AttributeError: 'AmpState' object has no attribute 'loss_scalers'

Any advice?

hadaev8 on 29 Aug 2019

@hadaev8 Could you post a reproducible code snippet so that we can debug it?

ptrblck on 30 Aug 2019

My code based on this repo
https://github.com/NVIDIA/tacotron2
Not easy to make snippet

hadaev8 on 30 Aug 2019

@ptrblck
https://i.imgur.com/0962R8H.png

hadaev8 on 7 Sep 2019

Thanks for the update.
amp.state_dict() tries to return the loss_scaler(s), which aren't initialized in your code snippet.
Make sure to create a model and call amp.initialize() on it first.

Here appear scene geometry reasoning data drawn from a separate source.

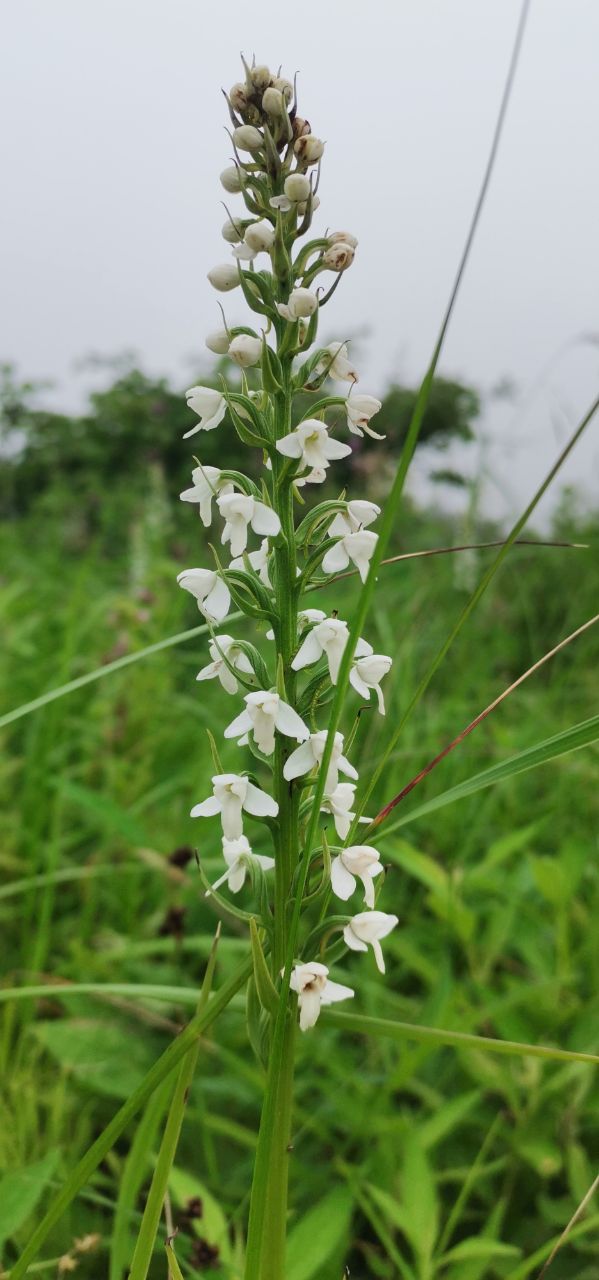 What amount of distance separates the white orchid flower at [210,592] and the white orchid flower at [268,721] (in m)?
0.17

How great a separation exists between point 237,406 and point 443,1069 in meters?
1.70

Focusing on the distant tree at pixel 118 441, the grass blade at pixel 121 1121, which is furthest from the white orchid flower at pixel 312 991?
the distant tree at pixel 118 441

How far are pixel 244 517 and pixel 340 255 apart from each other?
0.39 metres

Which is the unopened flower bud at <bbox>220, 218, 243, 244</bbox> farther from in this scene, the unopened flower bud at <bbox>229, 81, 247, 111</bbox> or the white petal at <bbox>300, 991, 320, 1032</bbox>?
the white petal at <bbox>300, 991, 320, 1032</bbox>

model = nn.Linear(1, 1).cuda()
model = amp.initialize(model, opt_level='O1')
amp.state_dict()

Anyway, we should improve the error message and raise a proper warning.

ptrblck on 9 Sep 2019

👍2

@ptrblck
I get my problem case, tried to set state dict before amp.initialize, thanks.

hadaev8 on 9 Sep 2019

Hey, @ptrblck! Thanks for following up with everyone in this thread. FYI, I get the same problem of the checkpoint with opt_level='O2' but it works with opt_level='O1'

giacaglia on 2 Dec 2019

@giacaglia What kind of error are you seeing? Do you see a bump in the loss(es)?
If so, did you also restored the optimizer's state_dict as well as amp's?

ptrblck on 5 Dec 2019

Yes, I did see a big bump in the losses. I saved the optimizer's state_dict as well as amp's. The problem doesn't occur when I set opt_level to O1. I can try to make the problem reproducible if that is of any help

giacaglia on 5 Dec 2019

Sure! That would be helpful for debugging, although we recommend to use O1. ;)

ptrblck on 5 Dec 2019

👍2

@ptrblck Can you confirm you recommend O1? Aren't the vast bulk of the speed improvements due to the O2 optimizations?

daniel347x on 22 Feb 2020

@daniel347x
Yes, we recommend O1 for the typical use case. You might of course compare different opt levels for your use case. :)

ptrblck on 22 Feb 2020

@ptrendx I get the AttributeError: 'AmpState' object has no attribute 'loss_scalers' error as @hadaev8 but I am saving the state after a few batches. I think it might be important to mention that I have the enabled parameter of amp.initialize set to False. Could you please initialize the loss_scalers with some dummy data to allow for versatility? A workaround is to enable AMP but use O0.